Drug products? Six months over a lifetime? I've been using my non-drug e-cigs for about 8 years.

But then when you look at the guidance, it is quite clearly intended for a different subset of businesses than those which currently provide e-cigs for the US market.

It is guidance for a therapeutic product and nothing more. Such a product doesn't currently exist and any company which decided to have a go at it would have to have millions of dollars to spare. It is designed in a way that pharmaceutical companies would understand because it is a route to a pharmaceutical, or 'medicinal', e-cig. This would likely take the form of some ridiculously safe and bland cigalike which is so far removed from the products which are finding favour with smokers and driving the lowest smoking prevalence figures in US history, that it will be practically useless.

OK, it's fair to say that tobacco companies have the resources to throw huge amounts of money at getting a product of this type approved, but it will still be a therapeutic, medicalised e-cig designed for complete nicotine cessation, so it barely matters who manufactures it.

Gottlieb’s approach is cigarettes stripped of nicotine coupled with medicalisation of e-cigs. Because almost all of the products currently being sold in America by independents will disappear in 2022 thanks to the imposition of a predicate date.

It's important to note that Gottlieb has not issued guidance to current e-cig manufacturers on how to produce an independent product which could be sold on the open market as a consumer product. He has hinted that there may be some on the horizon but, for now, he has bypassed that and gone straight to issuing guidance - which heavily leans towards the pharma industry - on what is acceptable for a therapeutic product. At the same time as still insisting on rules which will effectively remove competition from anything recreational that is currently on sale.

It is, to all intents and purposes, a co-ordinated effort to make e-cigs a medical product and one which should only be used as a means to quit nicotine entirely. It is basically handing the entire market to the pharmaceutical industry. In other words - and especially considering the parallel regulations to take the good nicotine out of cigarettes and leave the harmful elements in - 'quit or die' on steroids.

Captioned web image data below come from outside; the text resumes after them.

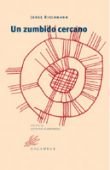 Un zumbido cercano, de Riechmann | portada del libro
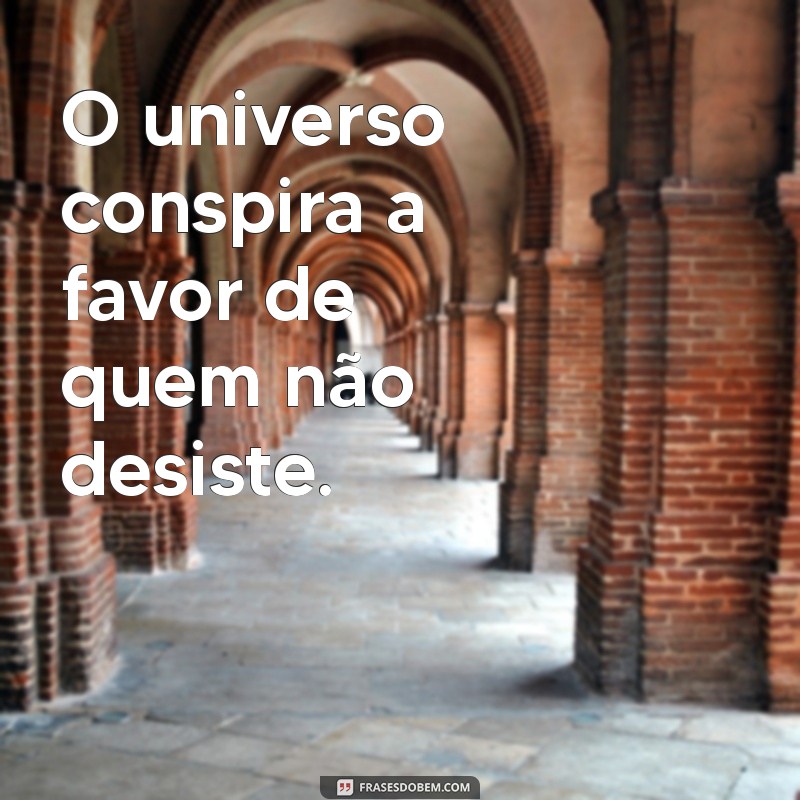 Frases Inspiradoras: Vai Dar Tudo Certo e Motivação para Superar Desafios 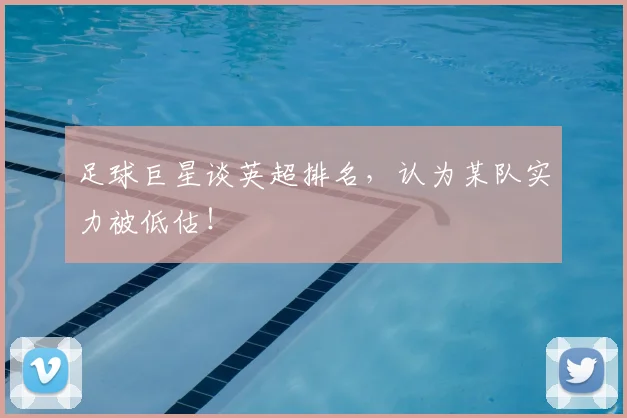 足球巨星谈英超排名，认为某队实力被低估！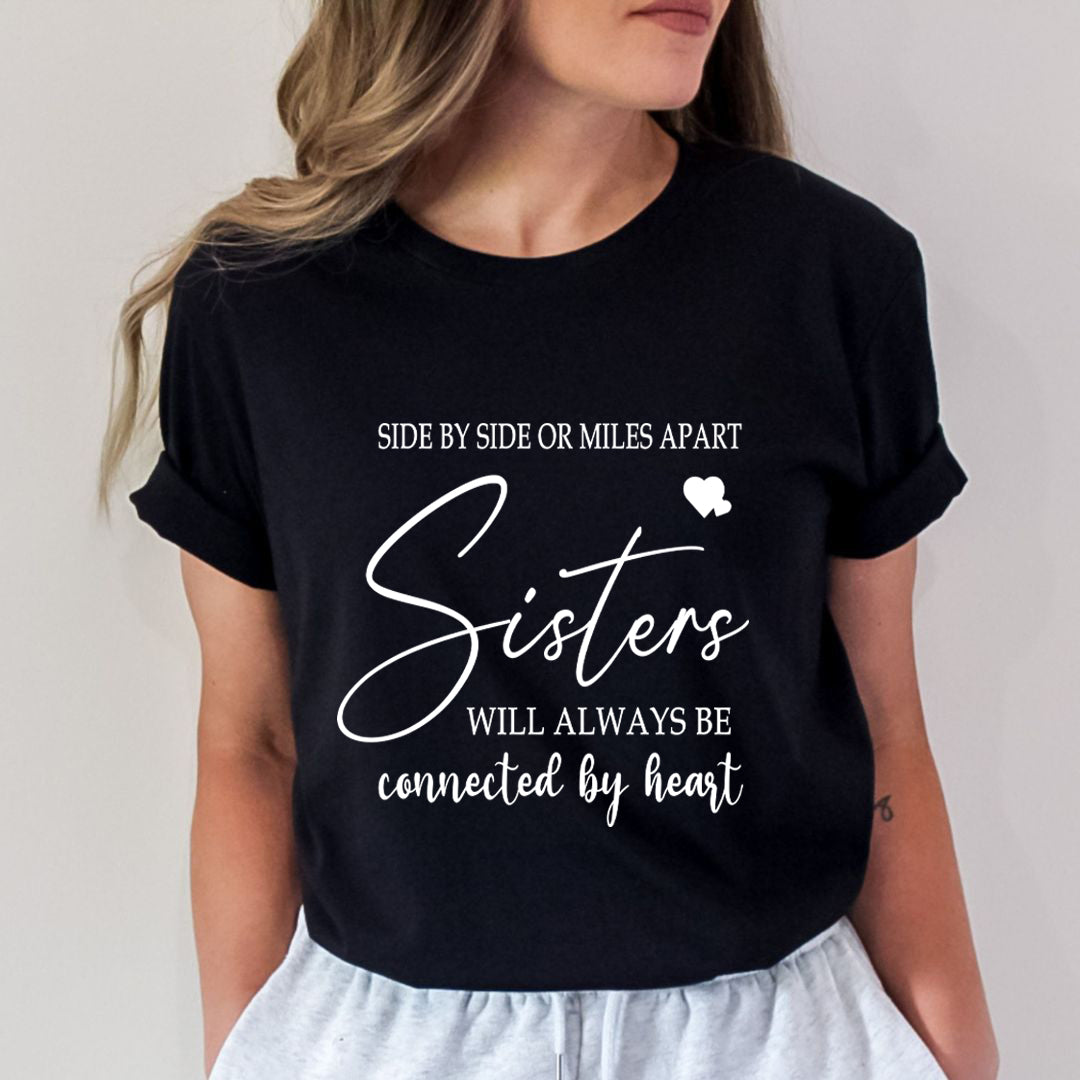 Sisters Connected By Heart - Unisex T-Shirt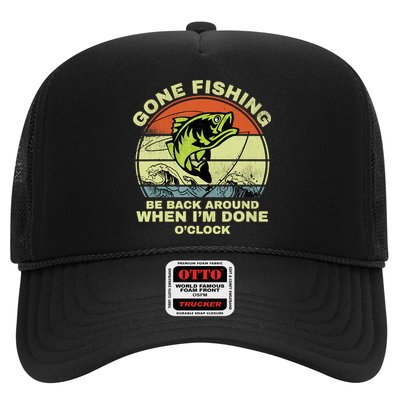 GONE FISHING, BE BACK AROUND WHEN I'M DONE O'CLOCK Trucker Hat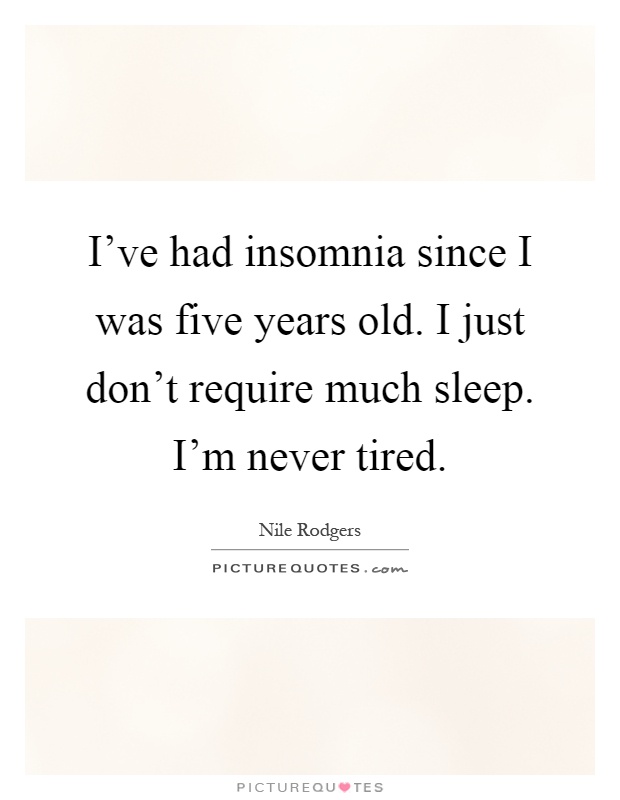 I've had insomnia since I was five years old. I just don't require much sleep. I'm never tired Picture Quote #1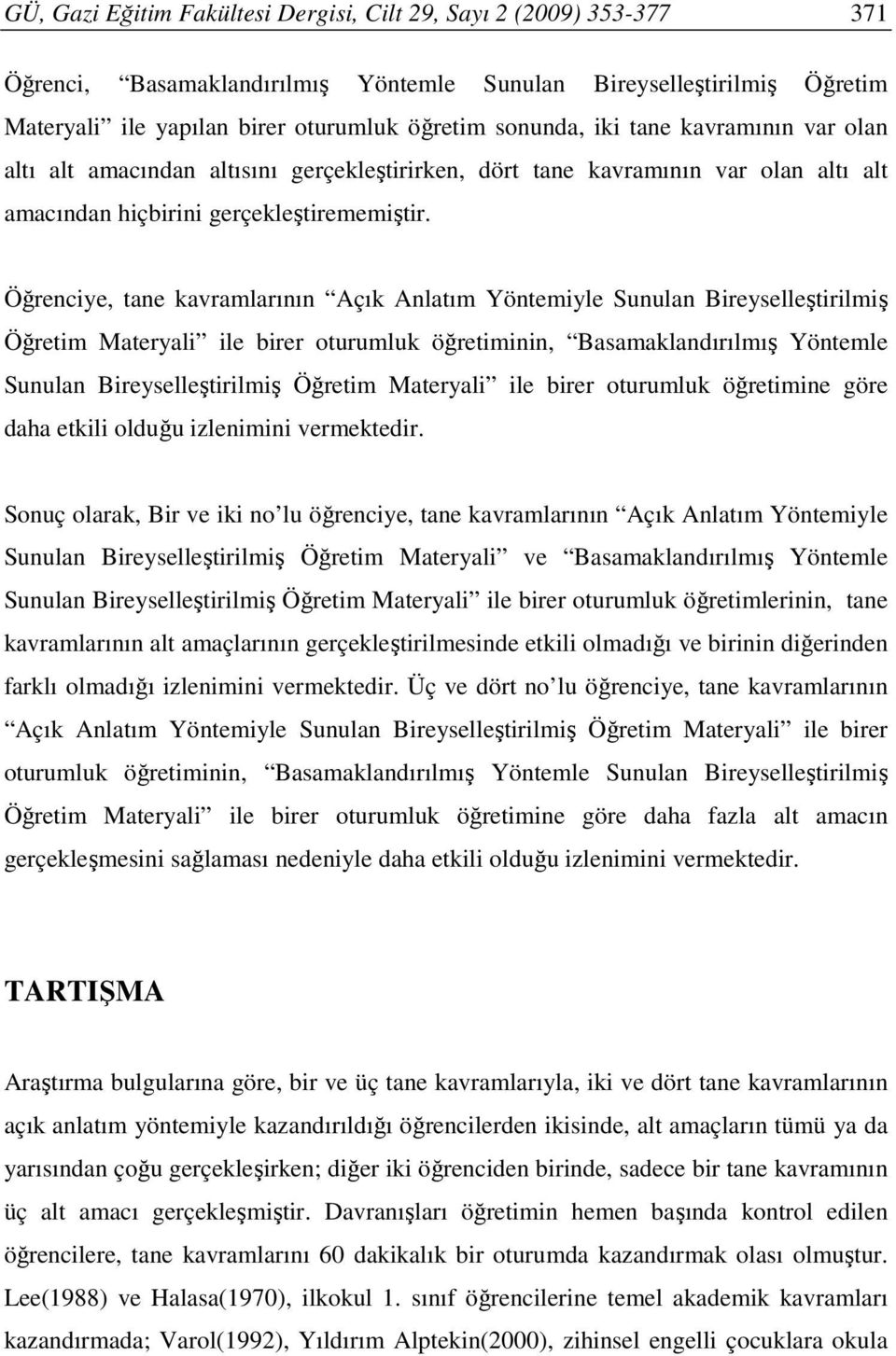 Öğrenciye, tane kavramlarının Açık Anlatım Yöntemiyle Sunulan Bireyselleştirilmiş Öğretim Materyali ile birer oturumluk öğretiminin, Basamaklandırılmış Yöntemle Sunulan Bireyselleştirilmiş Öğretim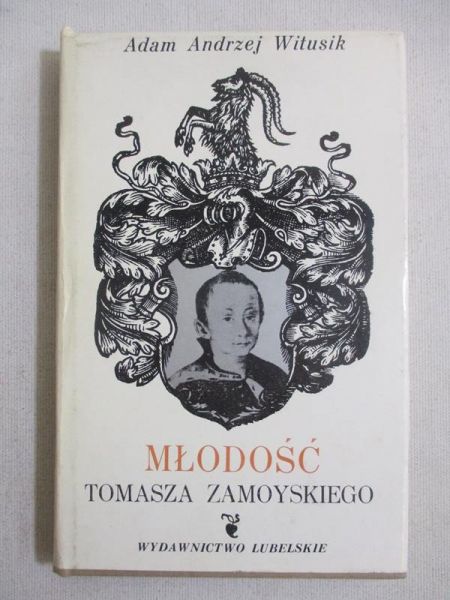 Młodość Tomasz Zamoyskiego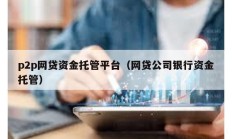 p2p網貸資金托管平臺（網貸公司銀行資金托管）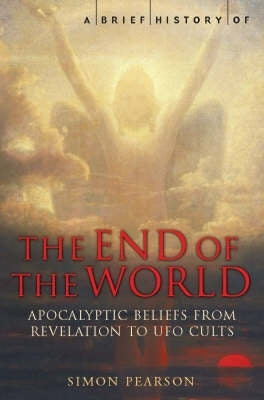 Brief History of the End of the World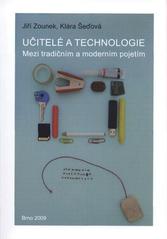 kniha Učitelé a technologie mezi tradičním a moderním pojetím, Paido 2009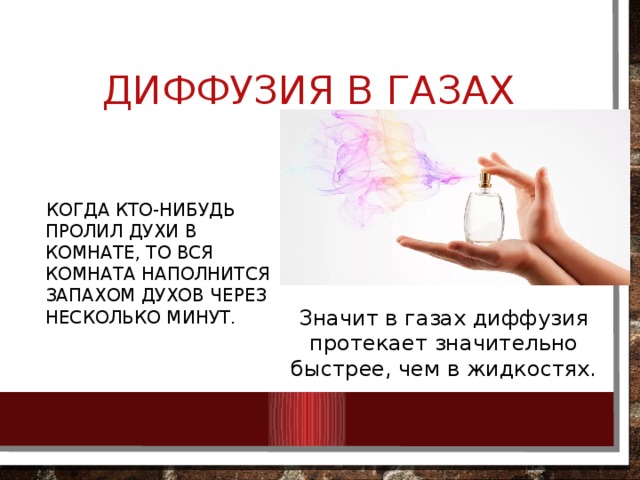Диффузия в газах  Когда кто-нибудь пролил духи в комнате, то вся комната наполнится запахом духов через несколько минут. Значит в газах диффузия протекает значительно быстрее, чем в жидкостях. 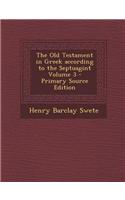 The Old Testament in Greek According to the Septuagint Volume 3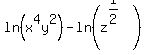 ln%28x%5E4y%5E2%29+-+ln%28z%5E%281%2F2%29%29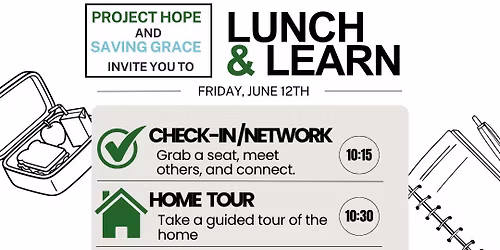 Project Hope & Saving Grace Q2 Lunch & Learn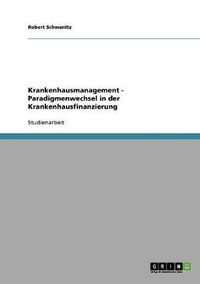 Cover image for Krankenhausmanagement - Paradigmenwechsel in der Krankenhausfinanzierung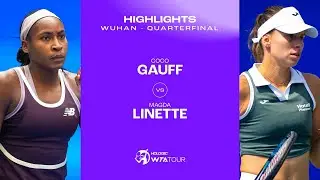 Coco Gauff vs. Magda Linette | 2024 Wuhan Quarterfinals| WTA Match Highlights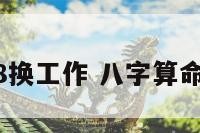 命理2018换工作 八字算命工作调动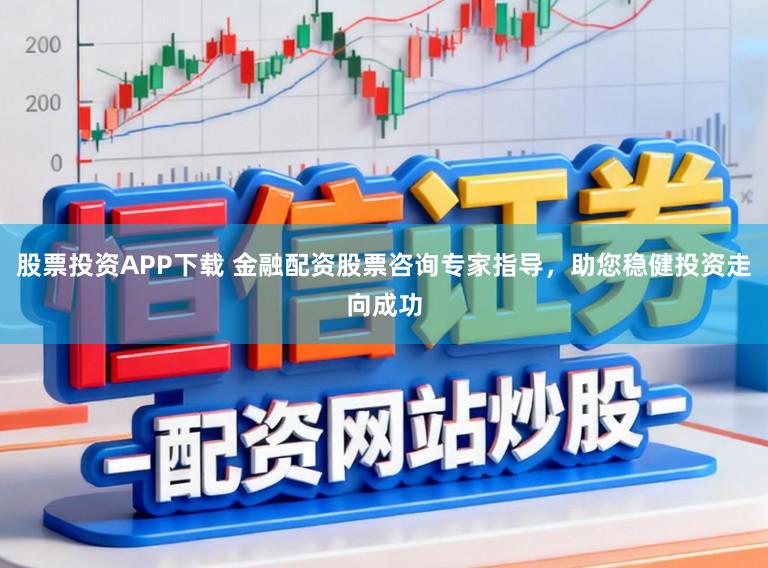 股票投资APP下载 金融配资股票咨询专家指导,助您稳健投资走向成功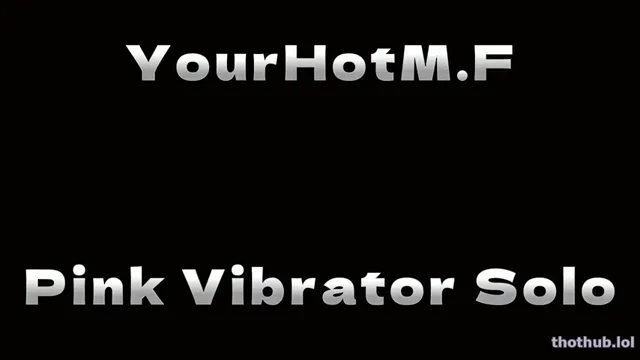 YourHotM.F – Pink Vibrator Solo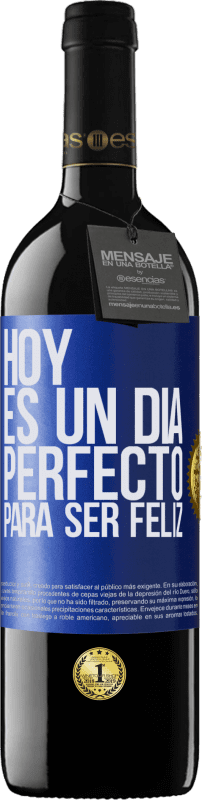 39,95 € | Vino Tinto Edición RED MBE Reserva Hoy es un día perfecto para ser feliz Etiqueta Azul. Etiqueta personalizable Reserva 12 Meses Cosecha 2015 Tempranillo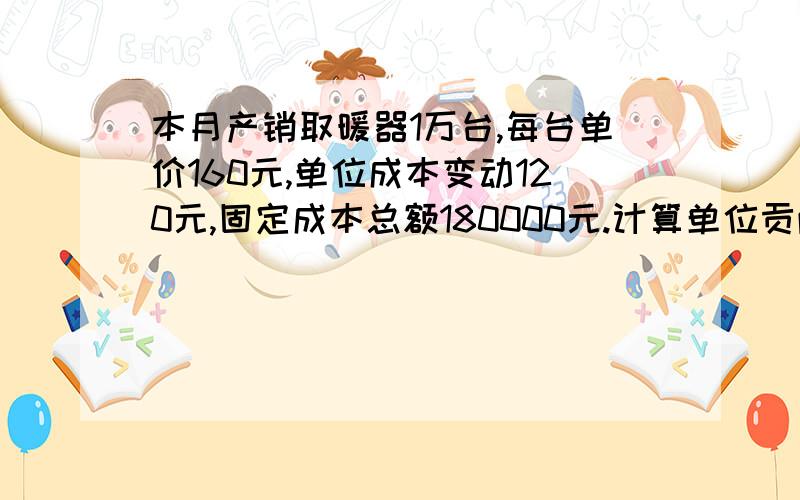 本月产销取暖器1万台,每台单价160元,单位成本变动120元,固定成本总额180000元.计算单位贡献毛益及总额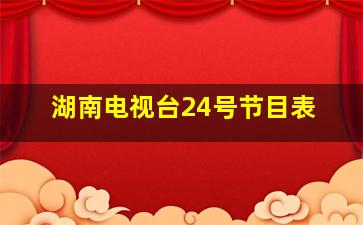 湖南电视台24号节目表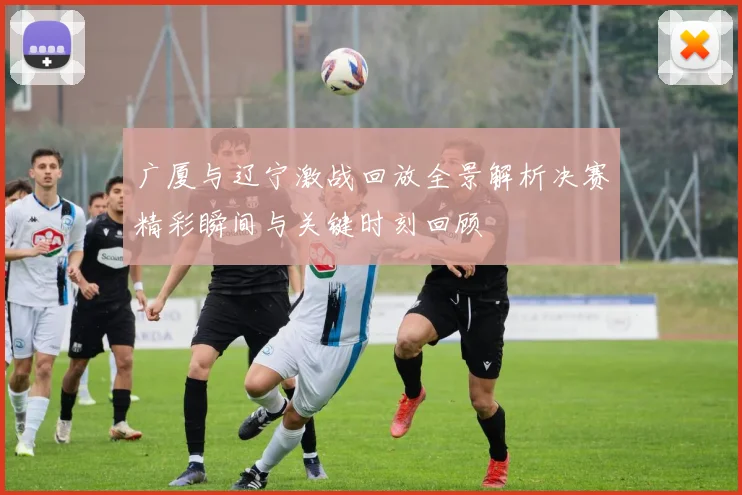 广厦与辽宁激战回放全景解析决赛精彩瞬间与关键时刻回顾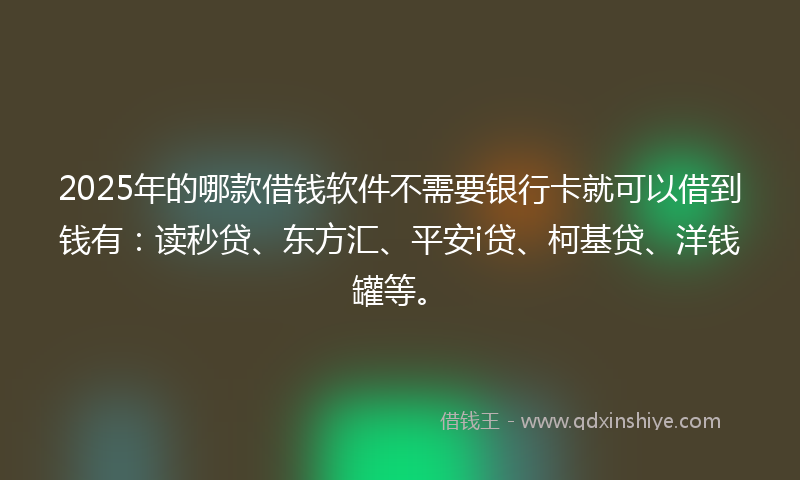 2025年的哪款借钱软件不需要银行卡就可以借到钱有：读秒贷、东方汇、平安i贷、柯基贷、洋钱罐等。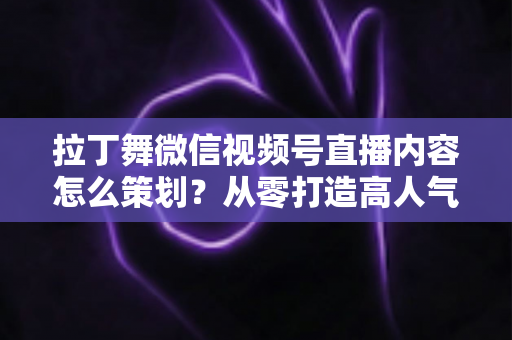 拉丁舞微信视频号直播内容怎么策划?从零打造高人气舞蹈直播间的完整攻略 拉丁舞微信视频号直播内容怎么策划?从零打造高人气舞蹈直播间的完整攻略
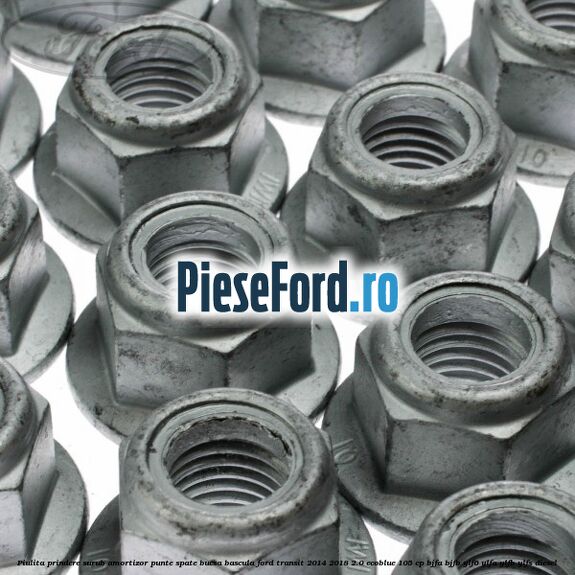 Piulita prindere surub amortizor punte spate, bucsa bascula Ford Transit 2014-2018 2.0 EcoBlue 105 cp BJFA, BJFB, YLF6, YLFA, YLFB, YLFS diesel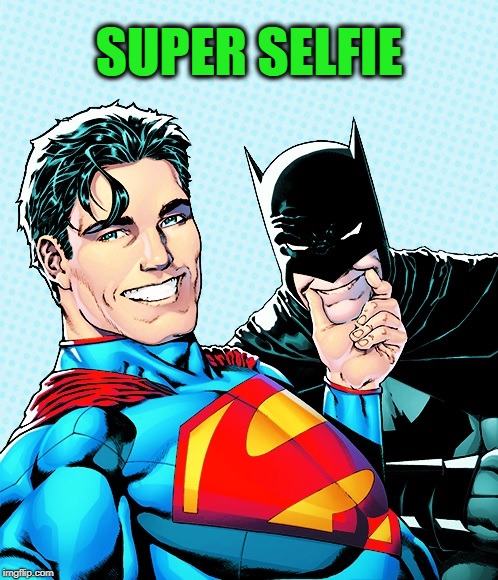 Yeah that about sums it up | SUPER SELFIE | image tagged in funny memes,dc comics,batman,superman,batman smiles,justice league | made w/ Imgflip meme maker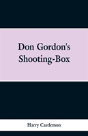 Don Gordon'S Shooting-Box - Preview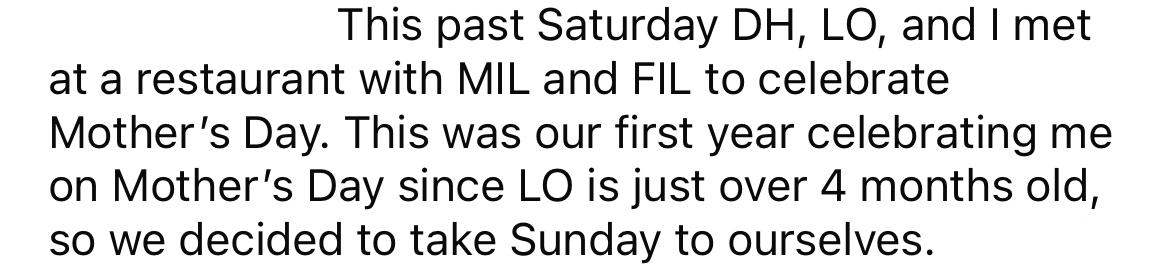 They caught up with her husband's family on the day before Mother's Day, as they wanted to keep Sunday for themselves.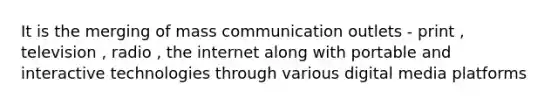 It is the merging of mass communication outlets - print , television , radio , the internet along with portable and interactive technologies through various digital media platforms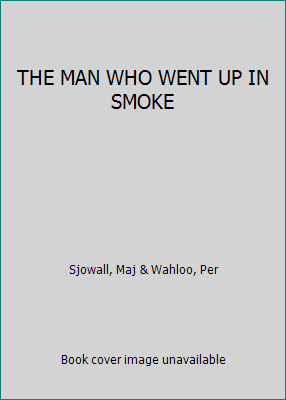 THE MAN WHO WENT UP IN SMOKE B001K2LKMY Book Cover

Many were of the opinion when Gottlieb took over the job that he'd just end up being a pharma shill. He seems to be living up to those predictions quite spectacularly so far.

It is so blatant that it's astonishing. One can only assume that this is a result of the American disease of corporate lobbying, with pharma front and centre. I don't know about you but I don't think it's wrong to call this organised crime.

So, no, Gottlieb's announcement in July last year wasn't a new dawn for e-cig use. It was the start of a process which will see a brilliant innovation crushed and handed to corporate interests to destroy. It also proves, once again, that none of this crusade against smoking has ever been anything to do with health. They really couldn't care less.

We're on the side of the angels, always remember that.